Wednesday, March 27, 2013

A Visit Home














arkun=thank you in Cambodian

For a few days now, I've been under the weather, the weather which keeps changing and holding on to itself. I never worry about winter lasting too long in NY because what it leaves in its wake are the tough little sprouts, who wend their way up no matter what they think is happening up there and they stumble out color and bloom so gracefully, you'd think it was a surprise ballet.

The backyard now, in this still new feeling apartment of a year and quarter, is all the way on the other side of the basement door, three flights down. I was doing laundry the other day and opened the door on it and all these bulbs were psst-ing at me, "Take me upstairs! Let me bloom before your very eyes!" So I did that and look at what happened! I might have missed it otherwise since I don't do laundry nearly often enough.

The rest of the winter we are lucky to have a lot of sun and if I were around often enough I'd appreciate the sunny-ness of it all, producing vines and plants that otherwise only come around in summer. So I am thankful for that when I visit these rooms and these old photographs and our cats and the old pine cones with wintry connotations that I threw out the window hoping they'd assist something else out there, and the blossoms I stole from the garden which quickly blossomed in front of me and us and our Spring-like capabilities. 

Saturday, March 16, 2013

Cambodia Blessings




We just returned from a very inspiring trip to Cambodia. Exploring around the temples of Angkor, we were lucky for many reasons: the opportunity to come to the place we only had in our dreams for many years, the opportunity to observe, opportunities to receive and count blessings, to think about what is real, what will happen, what might not, what doesn't matter anyway.

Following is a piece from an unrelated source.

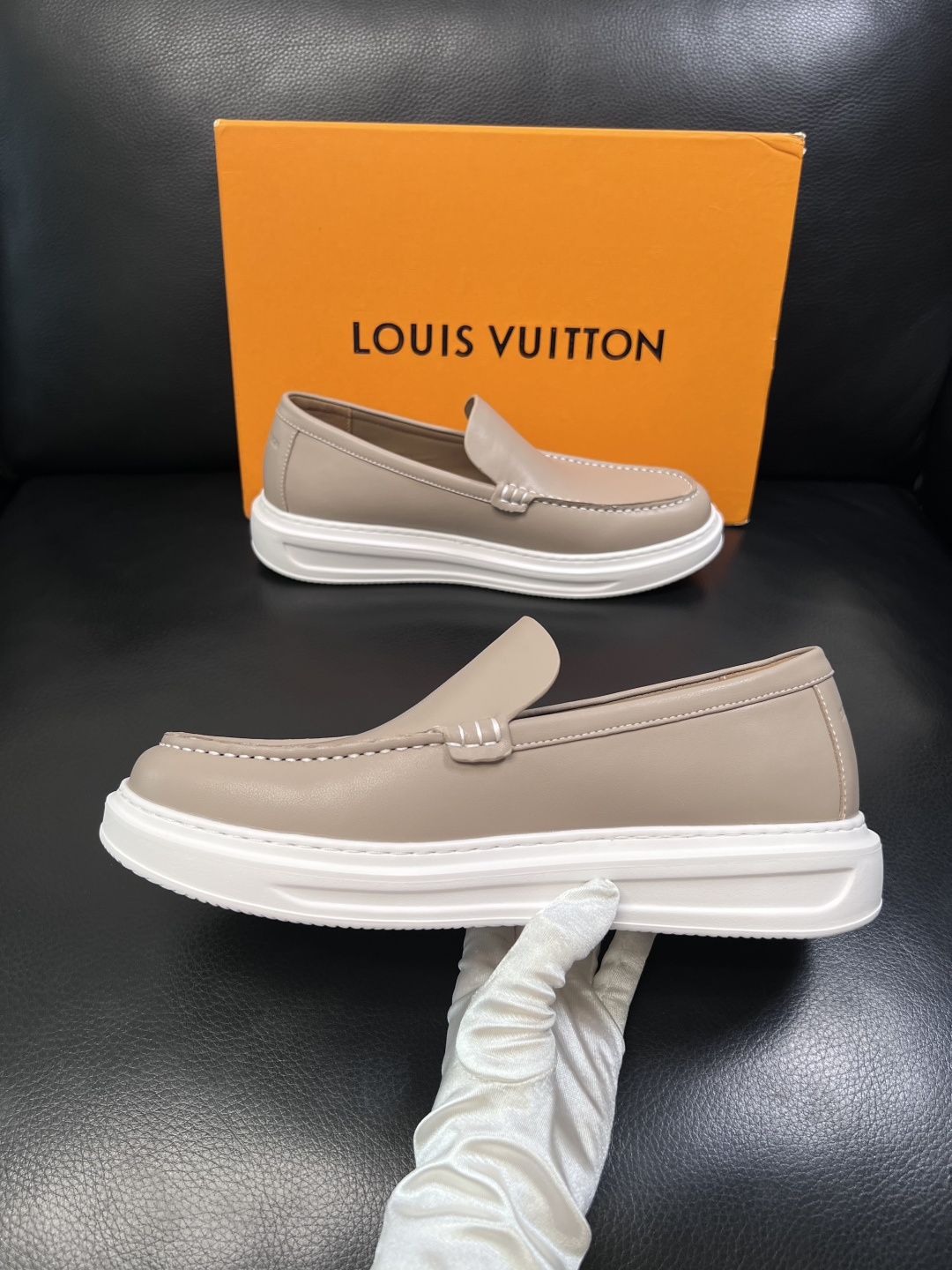 Lv  高品质  顶级工艺品  路易威登，运动板鞋专柜同步，鞋面意大利进口，高品质拼接缤纷色彩复杂工艺品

When you visit a country with such a wealth in it's history of intense grandeur, arts and spiritual depth, combined with the terror and confusion and guilt, with still so much of it's past to come to terms with, we found out it is possible to be very rooted in the present, to connect with everylovelyone we met, and hopeful with possibility. How do you let all of this out of your suitcase when you get home? How do you bring any of it with you?